OLR Research Report

August 23, 2004




By: Janet L. Kaminski, Associate Legislative Attorney

You asked if a person is receiving continuing health care coverage through COBRA and his former employer is sold, does he continue COBRA coverage under the new company's plan.


The general rule is that the seller (the former employer) remains liable for existing COBRA beneficiaries, unless he ceases all health care plans.


The federal Consolidated Omnibus Budget Reconciliation Act (COBRA) amended the Employee Retirement Income Security Act of 1974 (ERISA). COBRA permits a beneficiary of an employer's group health plan to purchase coverage continuation when he might otherwise lose the benefit because of a “qualifying event,” such as employment termination. Small employers (those normally employing fewer than 20 employees) are exempt from COBRA requirements.

A COBRA beneficiary generally is eligible to continue coverage under the employer's group plan for a maximum of 18 months (or in some circumstances, 36 months). Coverage begins on the date of the qualifying event and terminates at the end of the maximum coverage period. It may terminate earlier if (1) the beneficiary does not pay premiums timely or (2) the employer stops maintaining a group health plan.

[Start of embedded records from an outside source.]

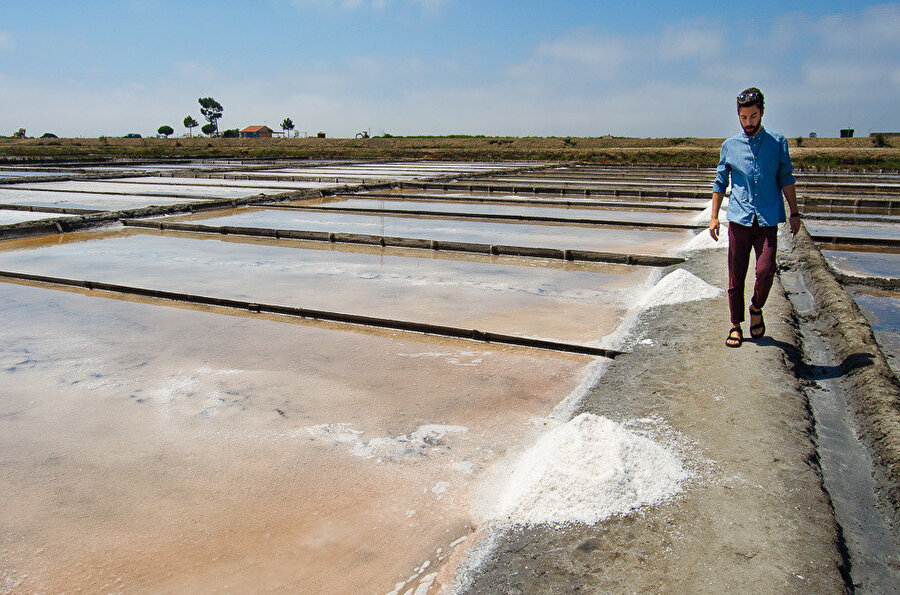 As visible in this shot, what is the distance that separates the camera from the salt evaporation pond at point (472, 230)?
6.32m

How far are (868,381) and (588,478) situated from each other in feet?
4.51

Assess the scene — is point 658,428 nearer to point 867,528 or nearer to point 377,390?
point 867,528

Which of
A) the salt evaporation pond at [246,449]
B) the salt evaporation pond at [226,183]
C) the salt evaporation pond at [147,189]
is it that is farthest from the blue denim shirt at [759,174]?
the salt evaporation pond at [226,183]

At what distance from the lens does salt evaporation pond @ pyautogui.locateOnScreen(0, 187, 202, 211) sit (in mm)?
8906

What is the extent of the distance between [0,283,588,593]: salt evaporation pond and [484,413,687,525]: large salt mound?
0.51 feet

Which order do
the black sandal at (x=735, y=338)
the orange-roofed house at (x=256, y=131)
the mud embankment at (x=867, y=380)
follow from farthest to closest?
the orange-roofed house at (x=256, y=131) → the black sandal at (x=735, y=338) → the mud embankment at (x=867, y=380)

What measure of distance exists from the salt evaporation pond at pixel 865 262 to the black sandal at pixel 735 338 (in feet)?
8.79

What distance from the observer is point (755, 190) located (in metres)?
2.52

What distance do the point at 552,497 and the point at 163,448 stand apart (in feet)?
4.10

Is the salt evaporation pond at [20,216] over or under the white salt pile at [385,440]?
over

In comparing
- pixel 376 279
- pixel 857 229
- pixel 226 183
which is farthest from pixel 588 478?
pixel 226 183

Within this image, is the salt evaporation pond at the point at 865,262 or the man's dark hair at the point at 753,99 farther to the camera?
the salt evaporation pond at the point at 865,262

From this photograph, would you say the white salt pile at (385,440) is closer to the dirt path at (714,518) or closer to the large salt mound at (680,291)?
the dirt path at (714,518)

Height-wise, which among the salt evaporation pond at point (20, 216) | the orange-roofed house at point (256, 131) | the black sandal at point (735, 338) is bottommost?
the black sandal at point (735, 338) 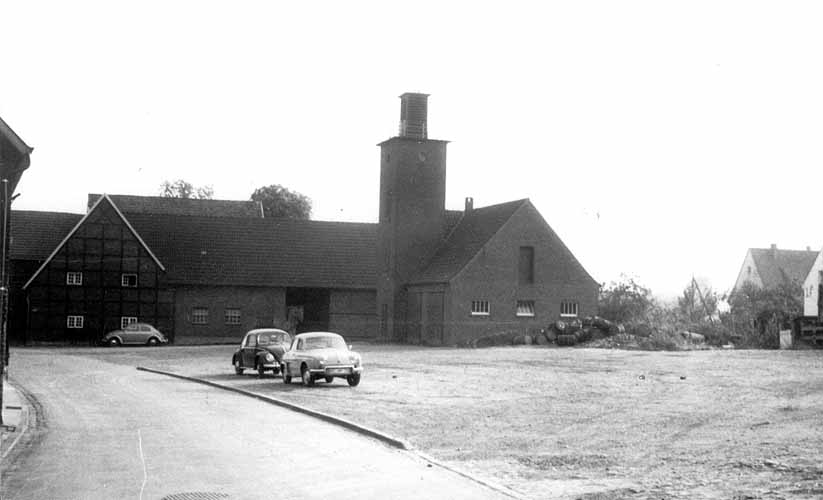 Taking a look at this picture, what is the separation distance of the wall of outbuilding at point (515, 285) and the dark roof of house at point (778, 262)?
4199 cm

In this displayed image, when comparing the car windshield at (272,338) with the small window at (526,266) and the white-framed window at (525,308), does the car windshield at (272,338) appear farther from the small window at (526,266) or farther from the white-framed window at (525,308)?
the small window at (526,266)

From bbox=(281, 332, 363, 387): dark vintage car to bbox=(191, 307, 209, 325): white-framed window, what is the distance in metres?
32.3

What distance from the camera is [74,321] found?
5544 cm

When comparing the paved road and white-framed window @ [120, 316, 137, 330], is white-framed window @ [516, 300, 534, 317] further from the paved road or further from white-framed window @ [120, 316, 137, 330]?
the paved road

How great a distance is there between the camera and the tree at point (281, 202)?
91.4m

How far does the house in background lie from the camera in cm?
9275

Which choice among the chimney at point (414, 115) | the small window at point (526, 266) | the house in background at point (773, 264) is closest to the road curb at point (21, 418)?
the small window at point (526, 266)

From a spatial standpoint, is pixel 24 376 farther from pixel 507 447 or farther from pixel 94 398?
pixel 507 447

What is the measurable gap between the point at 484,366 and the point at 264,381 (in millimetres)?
7832

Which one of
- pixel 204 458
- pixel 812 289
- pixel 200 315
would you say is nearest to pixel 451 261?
pixel 200 315

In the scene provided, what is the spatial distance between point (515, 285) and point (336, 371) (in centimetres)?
2866

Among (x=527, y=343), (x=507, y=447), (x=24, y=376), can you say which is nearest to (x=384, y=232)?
(x=527, y=343)

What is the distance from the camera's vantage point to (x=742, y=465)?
12961 mm

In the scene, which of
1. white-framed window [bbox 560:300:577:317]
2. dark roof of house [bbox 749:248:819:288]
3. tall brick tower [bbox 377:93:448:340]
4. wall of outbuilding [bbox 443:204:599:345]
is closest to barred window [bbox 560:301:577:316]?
white-framed window [bbox 560:300:577:317] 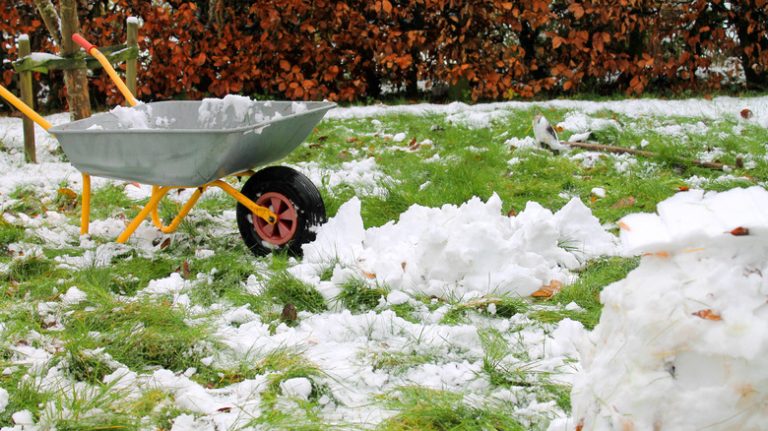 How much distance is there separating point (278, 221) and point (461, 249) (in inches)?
38.0

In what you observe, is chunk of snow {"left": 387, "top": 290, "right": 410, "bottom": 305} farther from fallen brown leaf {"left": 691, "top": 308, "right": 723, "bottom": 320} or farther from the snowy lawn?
fallen brown leaf {"left": 691, "top": 308, "right": 723, "bottom": 320}

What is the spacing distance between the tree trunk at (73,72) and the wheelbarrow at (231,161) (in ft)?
4.42

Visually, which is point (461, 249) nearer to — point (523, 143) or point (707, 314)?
point (707, 314)

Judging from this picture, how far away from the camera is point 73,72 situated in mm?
4879

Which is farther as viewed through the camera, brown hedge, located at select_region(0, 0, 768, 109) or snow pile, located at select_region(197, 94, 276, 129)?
brown hedge, located at select_region(0, 0, 768, 109)

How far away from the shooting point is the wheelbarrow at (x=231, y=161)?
291 centimetres

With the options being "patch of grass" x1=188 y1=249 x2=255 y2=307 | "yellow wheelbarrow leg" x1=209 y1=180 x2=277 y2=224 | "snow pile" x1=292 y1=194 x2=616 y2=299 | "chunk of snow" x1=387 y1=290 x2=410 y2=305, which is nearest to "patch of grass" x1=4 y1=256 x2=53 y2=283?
"patch of grass" x1=188 y1=249 x2=255 y2=307

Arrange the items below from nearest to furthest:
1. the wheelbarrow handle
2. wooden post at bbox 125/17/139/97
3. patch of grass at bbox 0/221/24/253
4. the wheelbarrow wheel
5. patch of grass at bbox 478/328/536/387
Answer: patch of grass at bbox 478/328/536/387 < the wheelbarrow wheel < patch of grass at bbox 0/221/24/253 < the wheelbarrow handle < wooden post at bbox 125/17/139/97

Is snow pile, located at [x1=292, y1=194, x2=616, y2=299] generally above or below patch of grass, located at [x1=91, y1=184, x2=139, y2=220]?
above

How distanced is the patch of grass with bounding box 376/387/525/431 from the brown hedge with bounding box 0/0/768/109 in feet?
15.9

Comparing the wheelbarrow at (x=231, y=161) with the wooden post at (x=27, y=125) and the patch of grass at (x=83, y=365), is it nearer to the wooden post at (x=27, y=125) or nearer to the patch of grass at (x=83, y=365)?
the patch of grass at (x=83, y=365)

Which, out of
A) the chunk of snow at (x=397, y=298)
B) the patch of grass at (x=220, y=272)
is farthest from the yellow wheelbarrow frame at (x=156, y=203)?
the chunk of snow at (x=397, y=298)

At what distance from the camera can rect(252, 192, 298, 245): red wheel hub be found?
10.5 ft

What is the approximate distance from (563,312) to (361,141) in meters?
3.10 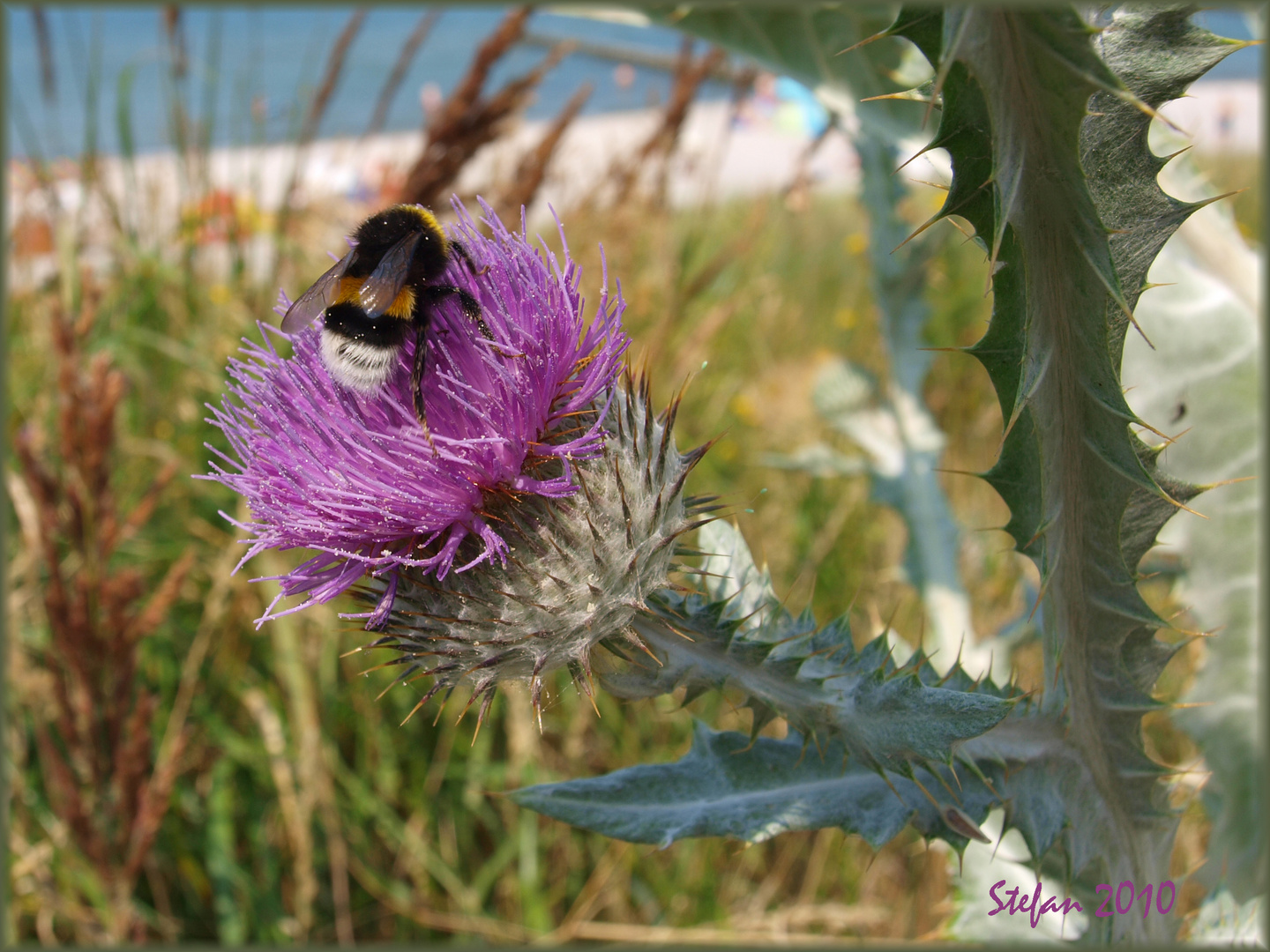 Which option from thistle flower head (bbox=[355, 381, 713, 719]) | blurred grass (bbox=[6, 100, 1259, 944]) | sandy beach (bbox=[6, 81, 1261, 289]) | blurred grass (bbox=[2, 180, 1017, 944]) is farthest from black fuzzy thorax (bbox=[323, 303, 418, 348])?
sandy beach (bbox=[6, 81, 1261, 289])

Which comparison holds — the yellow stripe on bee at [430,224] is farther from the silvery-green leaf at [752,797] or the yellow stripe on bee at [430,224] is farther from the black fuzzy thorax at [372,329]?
the silvery-green leaf at [752,797]

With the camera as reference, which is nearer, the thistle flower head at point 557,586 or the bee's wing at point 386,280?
the thistle flower head at point 557,586

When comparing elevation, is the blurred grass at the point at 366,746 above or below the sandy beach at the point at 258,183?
below

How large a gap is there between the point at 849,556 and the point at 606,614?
250 centimetres

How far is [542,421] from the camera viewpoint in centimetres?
141

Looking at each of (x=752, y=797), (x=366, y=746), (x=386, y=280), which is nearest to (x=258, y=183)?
(x=366, y=746)

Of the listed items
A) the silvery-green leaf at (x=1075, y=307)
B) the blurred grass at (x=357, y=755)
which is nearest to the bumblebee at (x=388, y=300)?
the silvery-green leaf at (x=1075, y=307)

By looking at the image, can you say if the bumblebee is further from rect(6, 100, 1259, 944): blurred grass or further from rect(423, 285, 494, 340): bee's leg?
rect(6, 100, 1259, 944): blurred grass

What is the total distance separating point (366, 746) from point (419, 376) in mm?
2008

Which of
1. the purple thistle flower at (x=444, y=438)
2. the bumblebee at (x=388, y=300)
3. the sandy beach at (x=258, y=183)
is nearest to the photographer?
the purple thistle flower at (x=444, y=438)

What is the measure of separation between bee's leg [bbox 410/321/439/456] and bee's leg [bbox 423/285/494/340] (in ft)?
0.24

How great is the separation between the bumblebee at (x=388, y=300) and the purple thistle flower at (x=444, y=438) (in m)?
0.02

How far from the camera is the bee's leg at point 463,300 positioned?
145 cm

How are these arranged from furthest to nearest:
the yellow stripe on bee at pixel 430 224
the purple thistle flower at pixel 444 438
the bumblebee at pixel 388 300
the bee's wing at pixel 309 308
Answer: the bee's wing at pixel 309 308 → the yellow stripe on bee at pixel 430 224 → the bumblebee at pixel 388 300 → the purple thistle flower at pixel 444 438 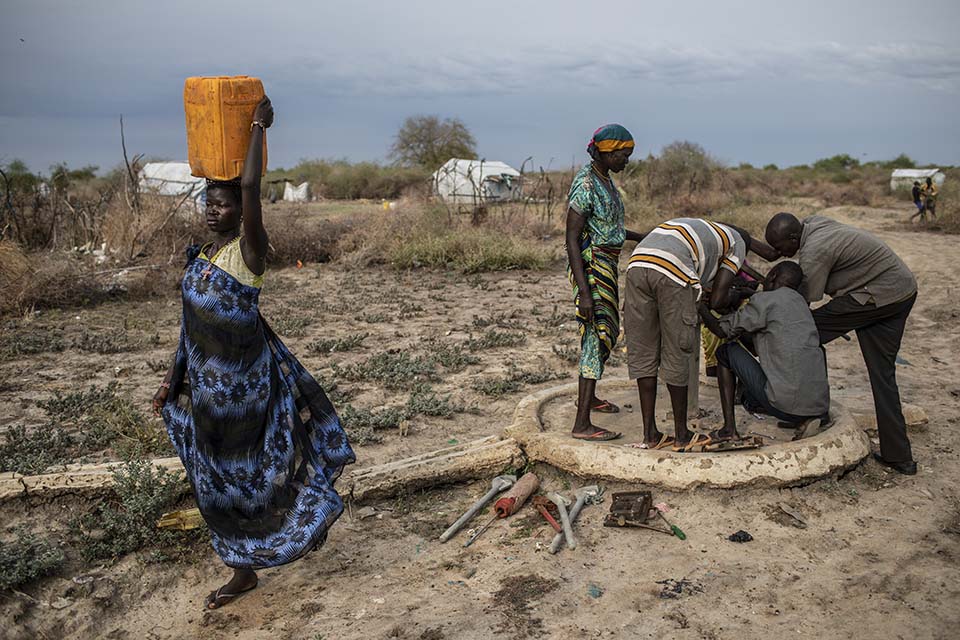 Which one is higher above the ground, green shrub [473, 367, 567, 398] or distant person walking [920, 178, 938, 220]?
distant person walking [920, 178, 938, 220]

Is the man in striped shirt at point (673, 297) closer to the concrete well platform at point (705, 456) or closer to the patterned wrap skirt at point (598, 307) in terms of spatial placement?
the concrete well platform at point (705, 456)

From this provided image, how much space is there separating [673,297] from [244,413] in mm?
2070

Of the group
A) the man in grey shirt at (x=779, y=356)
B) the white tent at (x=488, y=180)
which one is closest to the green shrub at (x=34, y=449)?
the man in grey shirt at (x=779, y=356)

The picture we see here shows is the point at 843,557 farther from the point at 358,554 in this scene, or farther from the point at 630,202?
the point at 630,202

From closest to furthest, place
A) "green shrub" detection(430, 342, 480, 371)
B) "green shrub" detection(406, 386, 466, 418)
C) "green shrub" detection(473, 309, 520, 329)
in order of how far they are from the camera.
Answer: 1. "green shrub" detection(406, 386, 466, 418)
2. "green shrub" detection(430, 342, 480, 371)
3. "green shrub" detection(473, 309, 520, 329)

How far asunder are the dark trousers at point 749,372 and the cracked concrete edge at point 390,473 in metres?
1.25

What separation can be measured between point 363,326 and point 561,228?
9.02 meters

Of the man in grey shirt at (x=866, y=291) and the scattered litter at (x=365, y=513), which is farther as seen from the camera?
the man in grey shirt at (x=866, y=291)

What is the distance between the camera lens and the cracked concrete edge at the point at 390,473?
3742 mm

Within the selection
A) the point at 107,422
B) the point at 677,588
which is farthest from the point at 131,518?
the point at 677,588

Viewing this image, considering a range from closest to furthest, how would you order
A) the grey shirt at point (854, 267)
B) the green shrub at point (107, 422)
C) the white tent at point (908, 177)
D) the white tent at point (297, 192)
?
the grey shirt at point (854, 267) < the green shrub at point (107, 422) < the white tent at point (908, 177) < the white tent at point (297, 192)

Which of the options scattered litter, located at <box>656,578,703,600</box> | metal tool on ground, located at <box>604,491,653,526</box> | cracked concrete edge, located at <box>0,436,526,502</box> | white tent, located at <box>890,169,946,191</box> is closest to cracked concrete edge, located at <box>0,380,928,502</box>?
cracked concrete edge, located at <box>0,436,526,502</box>

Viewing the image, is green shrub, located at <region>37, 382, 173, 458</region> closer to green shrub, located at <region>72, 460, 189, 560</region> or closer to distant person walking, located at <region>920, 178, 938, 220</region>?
green shrub, located at <region>72, 460, 189, 560</region>

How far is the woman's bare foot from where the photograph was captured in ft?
10.3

Federal regulations provide little guidance on the impact of a company sale or acquisition. According to Paul M. Hamburger, a COBRA expert, the general rule is that the seller retains liability for any pre-transaction qualifying events (i.e., existing COBRA beneficiaries). The exception is if the seller ceases all health care plans and the buyer has a plan. In this case, if the buyer is a “successor” under federal regulations, he will assume responsibility. A buyer is considered a successor if he continues the business operations associated with the purchase without interruption or substantial change and the seller ceases to provide any group health plan to any employee in connection with the sale (26 C.F.R. 54.4980B-9, Q&A-8).

The parties involved in the transaction may and often do negotiate COBRA responsibility. If they negotiate and allocate responsibility for existing and potential COBRA beneficiaries, they should document the result in the purchase agreement.